# Handsome 5-year-old Golden male in Franklin County Dog Shelter, Columbus, Ohio



## mylissyk (Feb 25, 2007)

Please find the rescues groups for that area on the list below and email them about this dog.

National Rescue Committee of the Golden Retriever Club of America


----------



## Heidi36oh (Feb 27, 2007)

He is beautiful, wish I knew someone that could take him. I'm full with four but will ask around, please contact the rescues in Ohio....if you need me, I can e-mail a couple

Golden Endings Golden Retiever Rescue
Golden Retriever Club of Greater Toledo
GR Rescue and Adoption of Needy Dogs (GRRAND)
Golden Retriever Rescue Resource, Inc
Golden Retrievers in Need Rescue Service, Inc
Golden Treasures Golden Retriever Rescue


----------



## mylissyk (Feb 25, 2007)

I sent and email to Golden Endings in OH.


----------



## Heidi36oh (Feb 27, 2007)

I send one to Golden Endings in Columbus and GRRAND


----------



## RedDogs (Jan 30, 2010)

If anyone finds out he needs transported....let me know....


----------



## Heidi36oh (Feb 27, 2007)

Will do I'm only an hour from Columbus..have not heard anything back from rescue's


----------



## jackie_hubert (Jun 2, 2010)

I know someone looking for an adult but they're out here and I don't thing they've moved yet into their new place ):


----------



## Wendy427 (Apr 4, 2009)

I emailed all those listed by Claudia.


----------



## Heidi36oh (Feb 27, 2007)

Heard back from Golden Endings in Columbus

Thanks, Claudia 
Michelle sent us that link, too. We will look into Jake's case to see if 
we can help "spring" him. He sure is a photogenic guy! 

Tim


----------



## Karen519 (Aug 21, 2006)

*Claudia*

Claudia & Mylissyk

Thank you for emlg. them. Can you email Golden Endings back and see if they were able to spring him? If not, I think another Ohio Golden Rescue would grab him. Jake is a beauty!


----------



## Heidi36oh (Feb 27, 2007)

Karen519 said:


> Claudia & Mylissyk
> 
> Thank you for emlg. them. Can you email Golden Endings back and see if they were able to spring him? If not, I think another Ohio Golden Rescue would grab him. Jake is a beauty!


I did....waiting :uhoh:


----------



## Karen519 (Aug 21, 2006)

*Claudia*

Claudia

Let us know!!


----------



## Heidi36oh (Feb 27, 2007)

Karen519 said:


> Claudia
> 
> Let us know!!


Will do, nothing as of right now


----------



## Heidi36oh (Feb 27, 2007)

e-mail I got today


Michelle and Claudia, 
just got this message from the adoption coordinator at Franklin Cty…



Hey guys,
Thanks for the call and offer to help.
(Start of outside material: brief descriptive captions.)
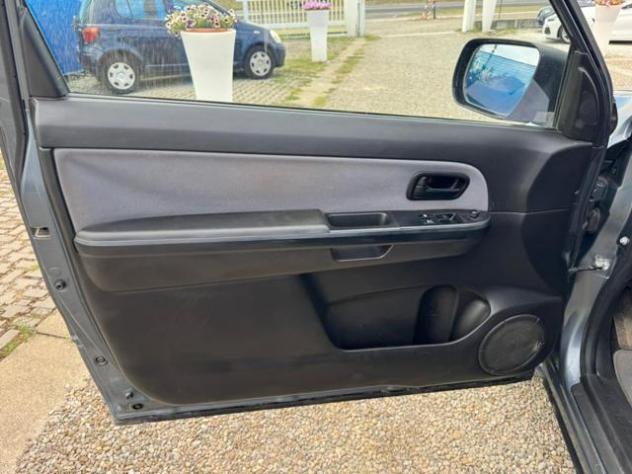 SUZUKI Grand Vitara 1.9 DDiS 3 porte rif. 24042653 - Foto 8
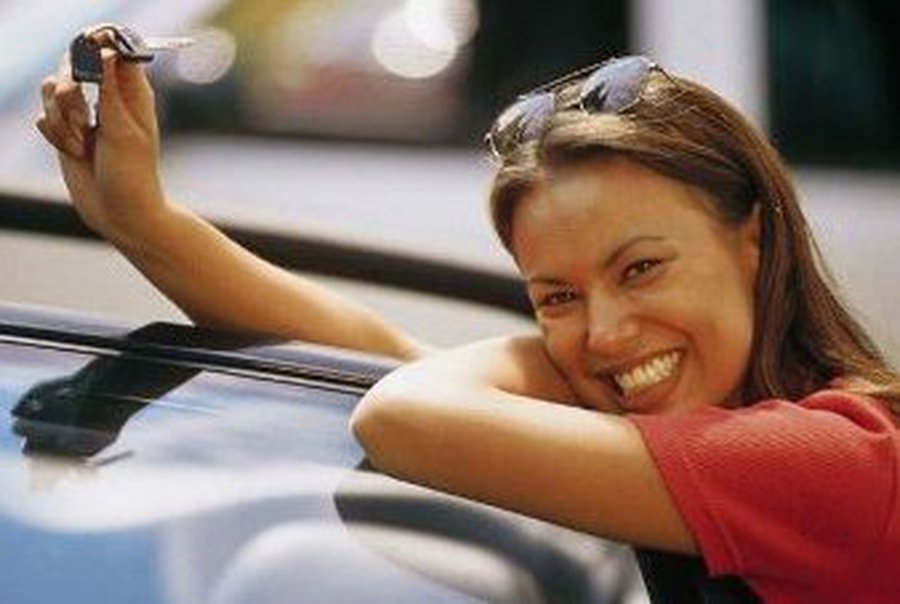 В Лондоне назван первый «Женский автомобиль года» - Хобби, отдых и развлечения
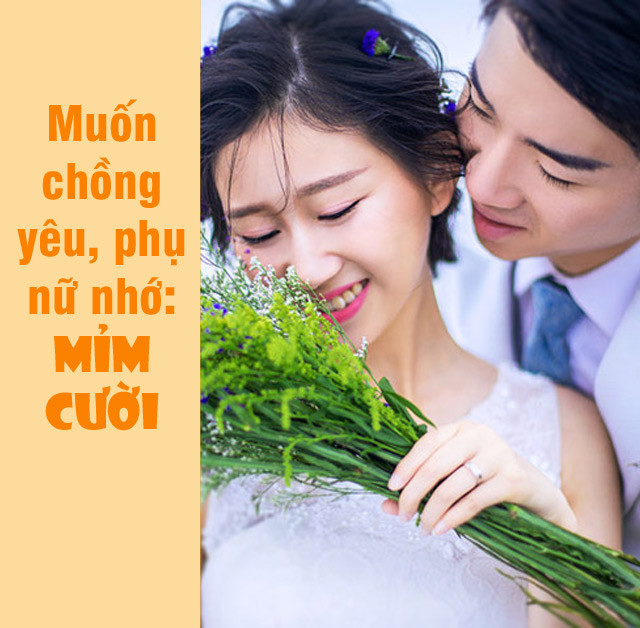 10 điều bỏ bùa khiến chồng mê vợ như điếu đổ 10 dieu bo bua khien chong me vo nhu dieu do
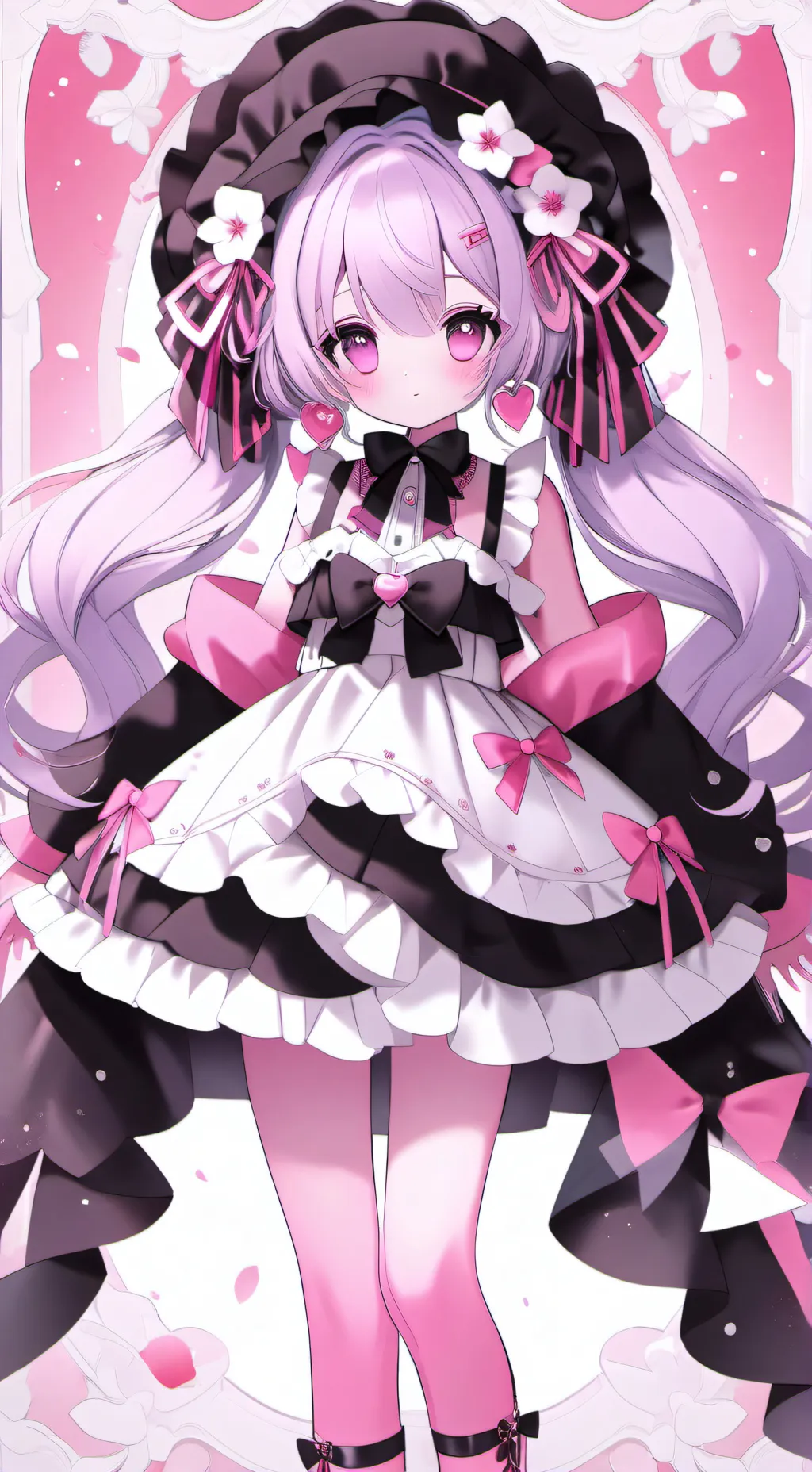 ai character: a boy friend group background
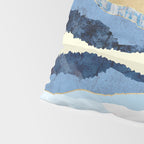 Winter Reflection Pillow Sham Gallery Image 4
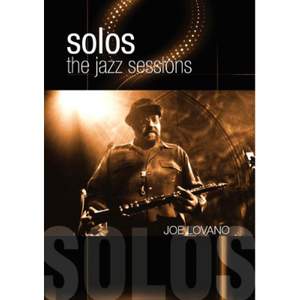 Solos: the Jazz Sessions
He was one of those weird cases where numbers were low and we had space for him. But let everyone concerned know that he has ben adopted and went to a great home.


Thanks for the heads-up.

Tim (for)
Kay Hirsch
Adoption Coordinator
Golden Endings Golden Retriever Rescue
1427 Roxbury Road C.H.E.
Columbus, OH 43212
614-486-0773


----------



## Heidi36oh (Feb 27, 2007)

bumping up


----------



## Karen519 (Aug 21, 2006)

*Claudia*

Wendy: Thanks so much for posting Jake and emlg. the rescues.

Claudia: Thanks so much for sending us the good news! I am so glad that Jake was adopted!!!

Golden Endings: Thank you so much for rescuing Jake!!


----------



## Wendy427 (Apr 4, 2009)

YAY!! I'm SO happy Jake's been adopted!


----------